What you will do: Retype, with no pictures, each line from the one that holds "夜カフェ☆塩鯖の夜ごはんと紅葉" through the last line of the entries below, both included.

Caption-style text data
= = = = =

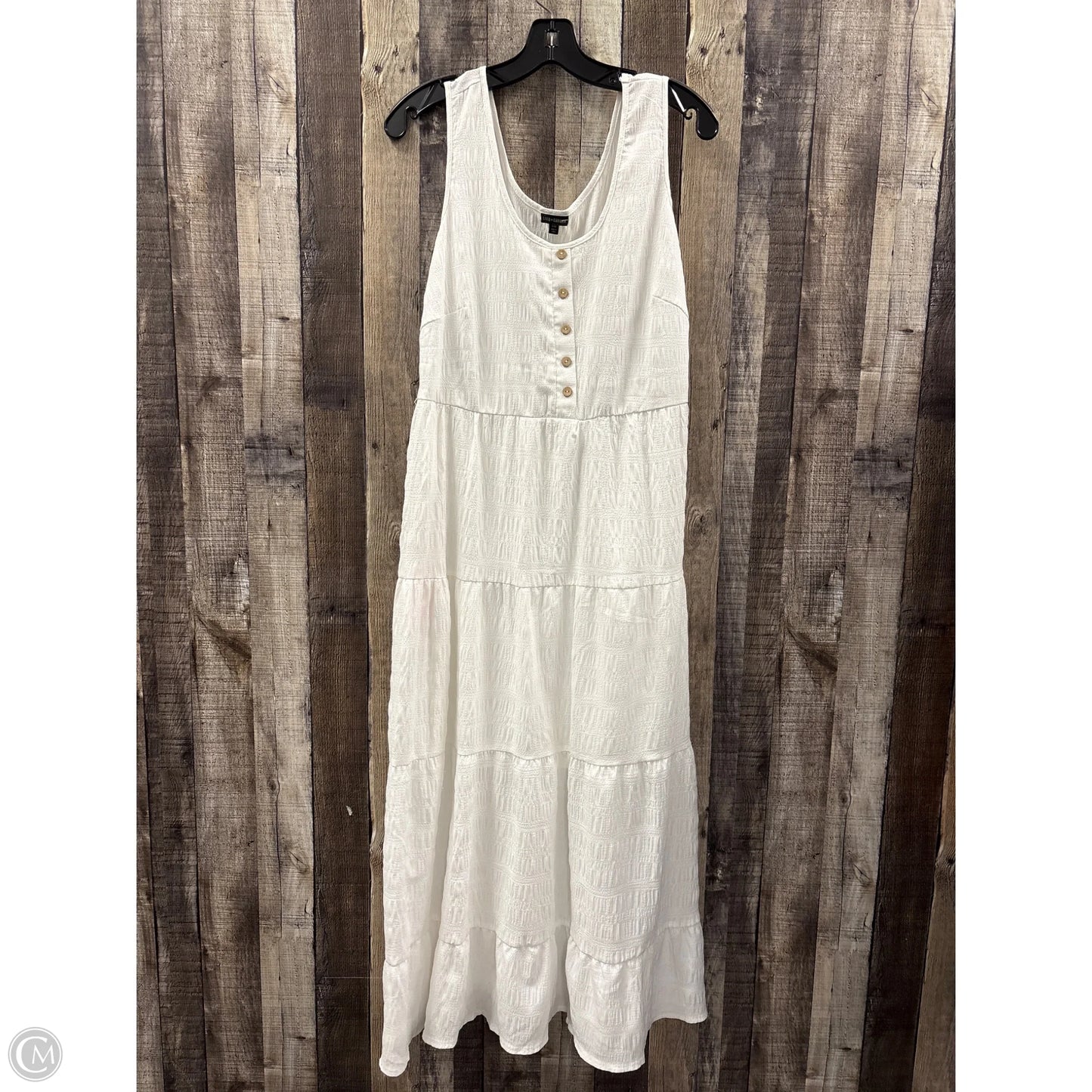 Dress Casual Maxi By Coco And Carmen In White, Size: S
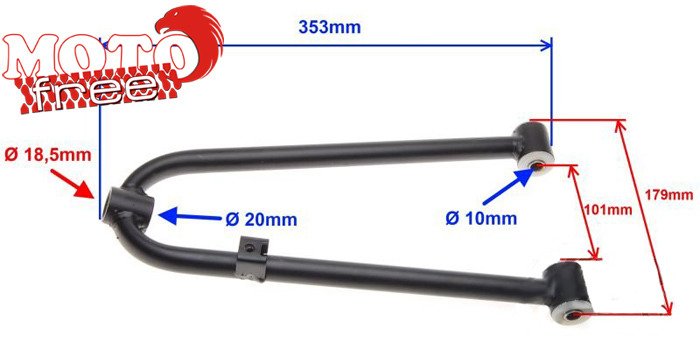 Wahacz górny prawy przód quad atv 150 automat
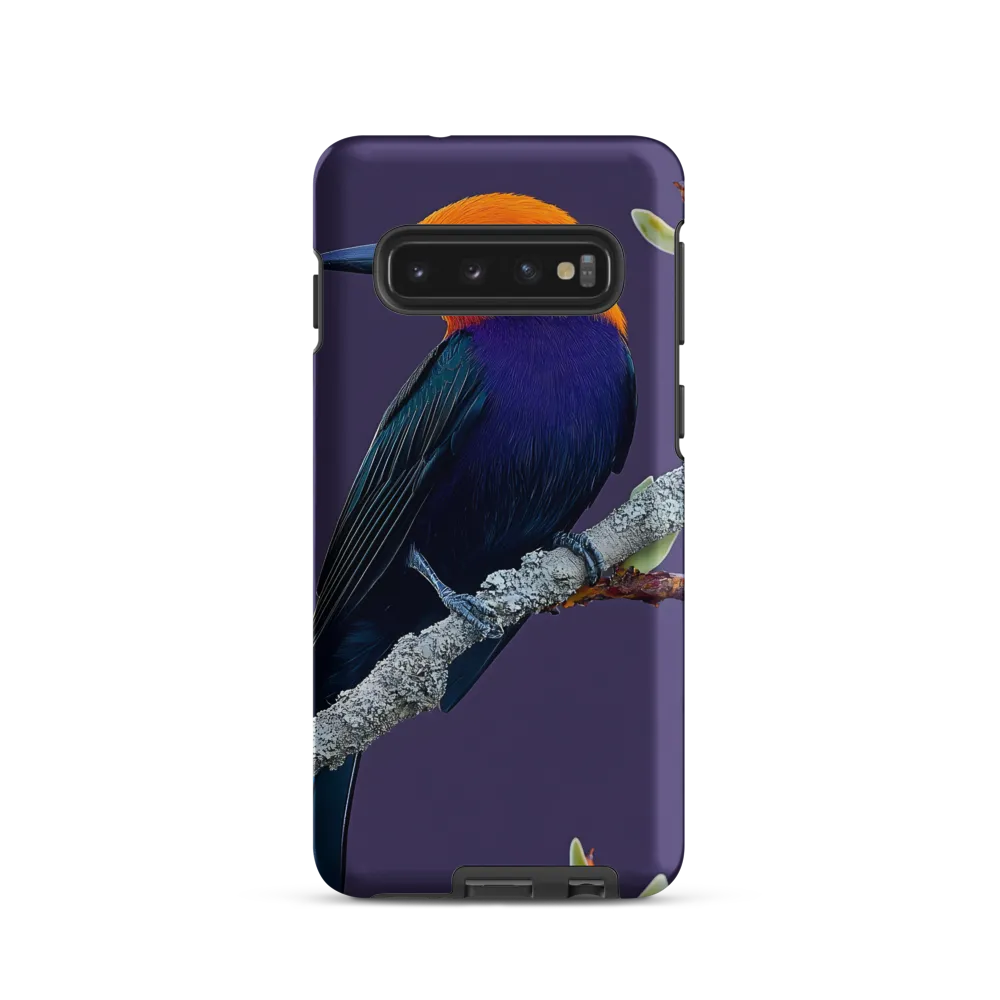 Violet Perch with Golden Crown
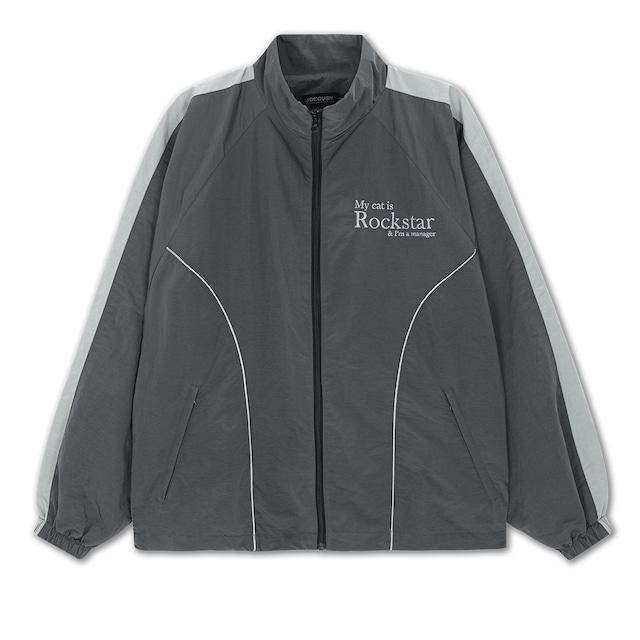 [ JOEGUSH ] My cat is Rockstar Nylon Track jacket (Charcoal) 正規品 韓国ブランド 韓国代行 韓国通販 韓国ファッション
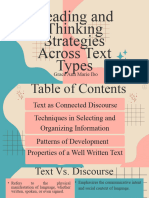 Updated PPT Reading and Thinking Strategies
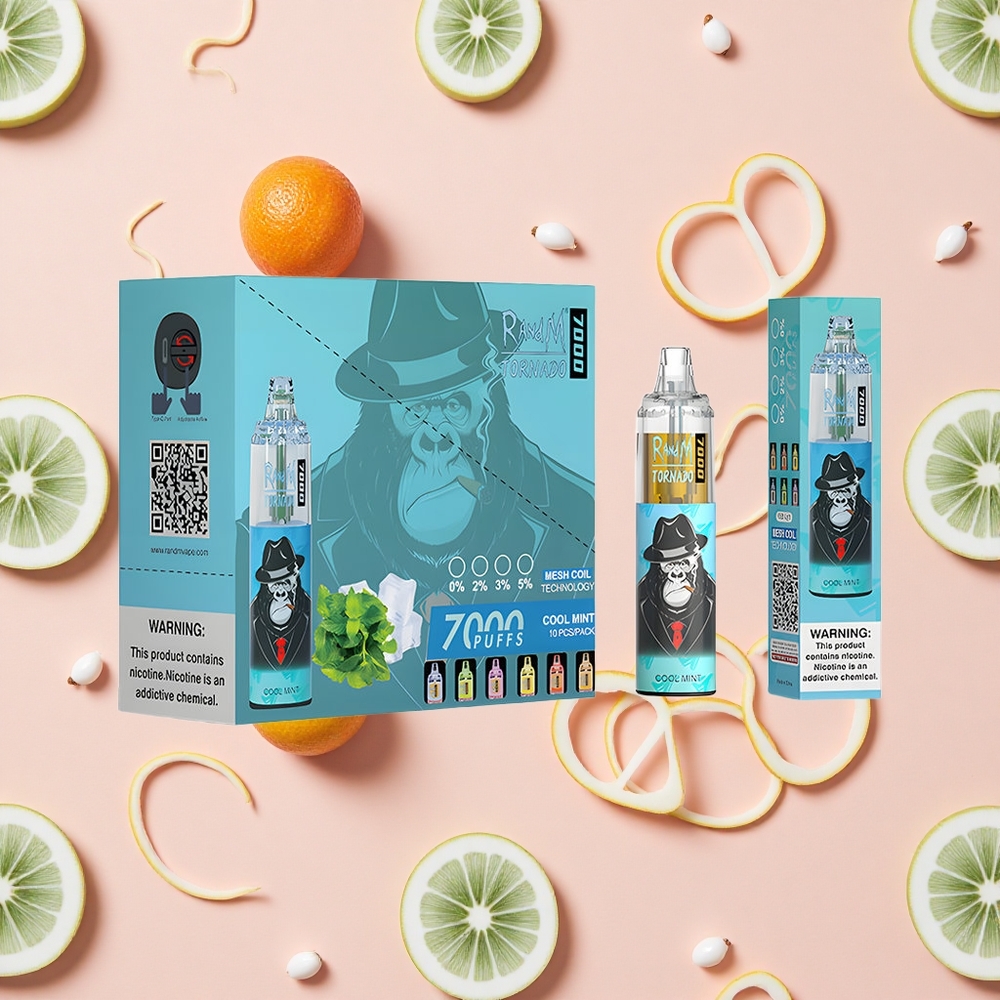 RandM Fumot Tornado 7000 Puffs Vape Jetable Menthe Fraîche avec 14 ML E-liquide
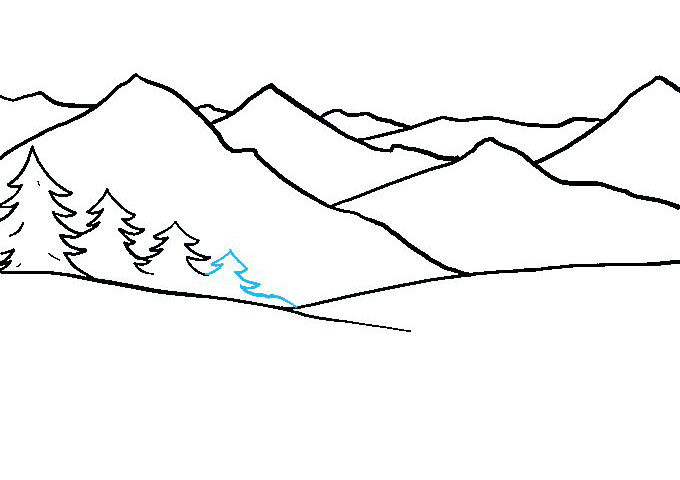 山川怎么画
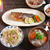 夜カフェ☆塩鯖の夜ごはんと紅葉
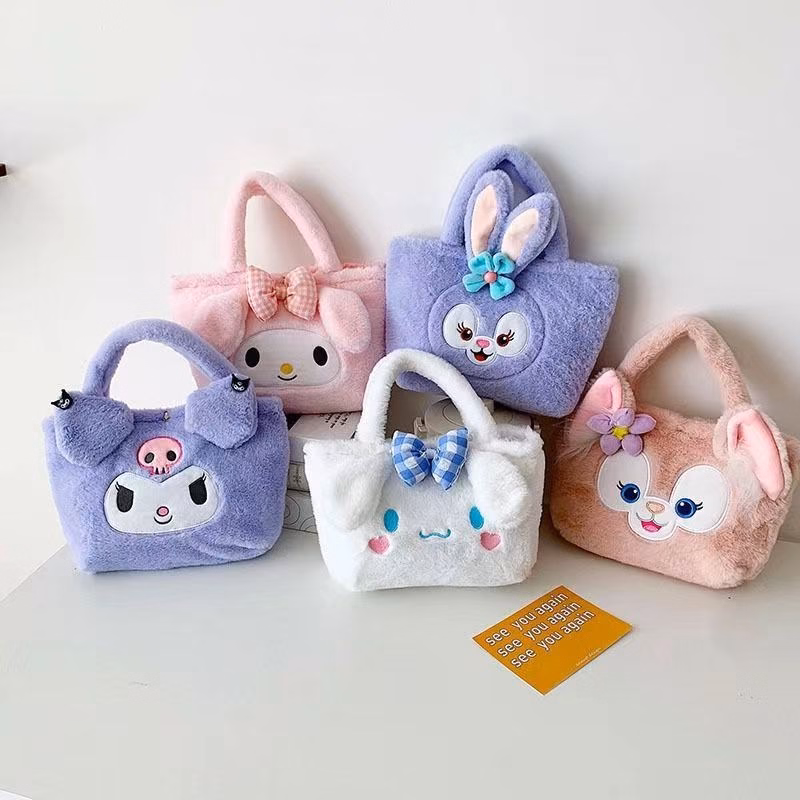 Túi Xách Tay Gấu Bông Kuromi Xinh Xắn Mềm Mại Cho Bạn Nữ,Túi Xách Kawaii Sanrio Lolita Nhật Bản Dễ Thương - Dmastore
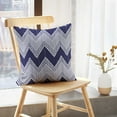 thumbnail image 5 of LALILO Throw Pillow Covers Chevron Chevron With Navy Blue Zigzag Chevron Cushion Cover 18" x 18", 2 Pack, 5 of 6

= = = = =

Your response:
 夜カフェ☆塩鯖の夜ごはんと紅葉
 Túi Xách Tay Gấu Bông Kuromi Xinh Xắn Mềm Mại Cho Bạn Nữ,Túi Xách Kawaii Sanrio Lolita Nhật Bản Dễ Thương - Dmastore
 thumbnail image 5 of LALILO Throw Pillow Covers Chevron Chevron With Navy Blue Zigzag Chevron Cushion Cover 18" x 18", 2 Pack, 5 of 6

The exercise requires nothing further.